納税貯蓄組合設立へ 税の納期内完納めざし

 飯能市内の税理士や医師が中心となって、来月にも「飯能市納税貯蓄組合」を立ち上げる。戦後、市内で頻繁に見られた各戸を巡回して組合員が税を直接徴収するようなことは行わず、あくまでも租税の納期内完納と納税意識高揚のための関連事業を推進する。

 取り組むのは、吉島一良さんを発起人代表にして税理士や医師の面々。予定では10月3日、ヘリテイジ飯能で設立総会を催し、承認を得る。所沢税務署管内では既に入間市で組織化され、今後、狭山、所沢市でも発足の方向という。

 納税貯蓄組合は納税貯蓄組合法(昭和26年4月施行)に基づいたもの。地域や事業所などの単位で組織化でき、同法施行直後から昭和50年代後半にかけ飯能市内では各所で組合が活動、収納率向上に大きく寄与していた。

 ただ、組合員に各世帯の納税情報が洩れたり、組合に市から支給される報奨金(後に廃止)などの問題が指摘。さらには口座振替などが浸透するにつれ、同組合はしだいに廃れ、現在、市内での活動実績はほとんどない。

 計画では、組合事務局は飯能商工会議所に置かれる。市納税貯蓄組合設立趣意書(案)は次のとおり。

 昭和26年、戦後の混乱期の中、国全体の納税道義が著しく低下したため滞納が増加し、税収確保が非常に困難な状況になったことから、納税貯蓄組合法が施行され、全国各地に納税貯蓄組合が設立された。納税貯蓄組合は「日掛け、月掛け」を合言葉に組合員に納税資金の備蓄を推奨し、納期内完納の定着に大きく貢献した。しかし、口座振替等の定着や個人情報の保護の観点から全国的に納税貯蓄組合の活動は衰退し、低迷している現状にある。

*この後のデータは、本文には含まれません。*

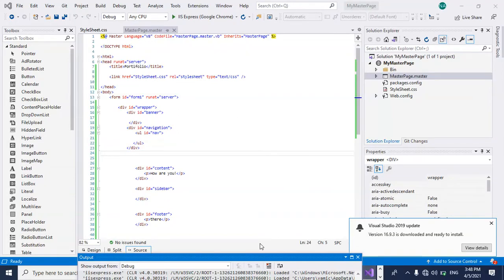Hi everyone, today I will demonstrate how to fix HTTP error 403.14 forbidden when you create an ASP.NET master page.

 一方、私たちは戦後の混乱期の苦難を乗り越え、高度成長期を経て現在、豊かさを享受しているものの、今般の少子高齢化が進む社会情勢を踏まえると、豊かで持続可能な社会を構築し、将来世代につなげることに不安を感じている。

 将来にわたって経済成長を続け、社会全体が豊かさを享受できる社会を築くためには、医療・福祉などをはじめとするさまざまな公的サービスを提供する国及び地方公共団体が果たす役割が非常に大きいことはもちろんであるが、民主主義社会の一員である私たち一人ひとりが公的サービスを提供するために必要な経費を賄う租税を国民、県民、市民として皆で広く公平に負担すべきであることは当然といえる。

 このような観点から、国、県、飯能市の財政の安定化のために「納税資金の計画的備蓄」による「租税の納期内完納」推進と中学生の税の作文など納税意識の高揚に取り組む納税貯蓄組合の意義を再認識し、飯能市納税貯蓄組合を設立することを決意した。

 私たちは、飯能市納税貯蓄組合の活動を通じて、国、県、飯能市、そして金融機関との連携・協調を図りながら、「納税資金の計画的備蓄」による「租税の納期内完納」推進と中学生の税の作文など納税意識の高揚に取り組み、将来にわたって我が国が経済成長を続け、社会全体が豊かさを享受する社会を築けるよう、民主主義社会に貢献する組合として次の事業を推進していくものである。

 なお、納税貯蓄組合の取り組みは、国、県、飯能市の財政収入の安定的確保のみならず、組合員の事業者としての健全な経営及び家庭人としての健全な家計運営に繋がることになると確信している。

 【租税の期限内納付の確立】

 ①納税資金の計画的備蓄の推進と期限内完納の定着化②口座振替、ダイレクト納付等の普及拡大とe-TAX(イータックス、国税電子申告・納税システム)及びeLTAX(エルタックス、地方税ポータルシステム)の普及③消費税の滞納未然防止活動。

 【納税道義の高揚】

 ①租税教室の推進②税の広報活動と正しい税の理解者・協力者の拡大③中学生の「税についての作文」募集。